Think of someone in your life who bugs you, someone who is irritating — but not the worst person in your life. One of the Buddhist teachers I interviewed, InsightLA's Christiane Wolf, said, "Don't start with the person who hurt you most in your life. That is just setting yourself up for failure." Coworkers often serve well in this role, because they are people we have to spend time with but might not spend time with voluntarily.

With this challenging person in mind, you can say:

I'd like you to be safe
I'd like you to be healthy
I'd like you to be happy
I'd like you to be at ease in the world


As before, repeat the phrases, taking note of how your mind and your body feel as you say them. Take note of any tightening of the muscles, especially around the gut, which may indicate aversion toward the person. If any of this feels too challenging, you can step back and offer some metta to yourself.
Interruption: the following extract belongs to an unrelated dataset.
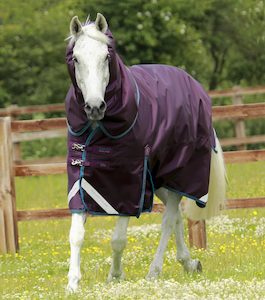 Products: Titan 200g Turnout Rug with Snug-fit neck cover – Equestrio Style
I find that wishing a person safety is not a problem. People should be safe, even people I don't like. They should be healthy, too. But wishing them happiness — sometimes I have difficulty with that.

But when I get to wishing them to be "at ease in the world," and I put that together with being happy, it occurs to me that they probably aren't completely happy and completely at ease in the world. If they were, they might not be so difficult. So it's not like you lose something by thinking about this person with kindness.

The steps of this metta practice are derived from a Buddhist text called the Visuddhimagga. It talks about cultivating loving-kindness toward a hostile person so that you reduce your own ill will and shift from antagonism to feeling neutral. It's not that you feel so warm toward them that you want to hang out with them. The goal is to reach equanimity so that they don't push your buttons.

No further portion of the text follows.